Add support for zstd-compressed corpora
danielmitterdorfer opened this issue · 0 comments
danielmitterdorfer commented
Rally supports various compression formats such as gz or bzip. It does not support the zstd format which is perfoming significantly better in disk usage and decompression speed in my experiments. I've compressed 183GB corpus with pbzip2
and pzstd
, both with the maximum compression level that is supported by the respective tool.

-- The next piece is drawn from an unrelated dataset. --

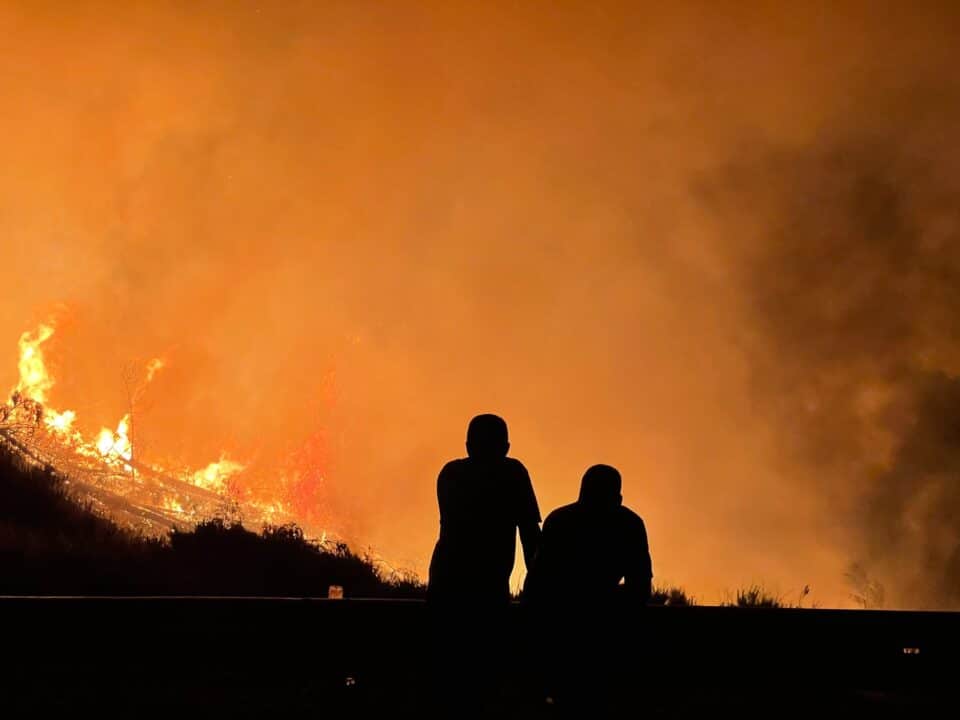 Incendio forestal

Format | Size on disk [GB] | Size on disk [GB] | Relative size [%] |
---|---|---|---|
bzip | 18613471805 | 18 | 100 |
zstd | 11215205385 | 11 | 60 |
Also decompression speed is vastly superior (times measured with time
, table contains the output of real
, i.e. wall clock time):
Format | Time to decompress [s] | Relative time [%] |
---|---|---|
bzip | 388 | 100 |
zstd | 144 | 36 |
Therefore I propose to add support for zstd compression to Rally similar to bzip support: The fast option would require pzstd
to be on PATH
and a fallback can be based on the Python zstd implementation.
For reference:
- Compress data:
pzstd -19 corpus.json -o corpus.json.zstd
(19
denotes the maximum compression level) - Decompress data:
pzstd -d corpus.json.zstd -o corpus.json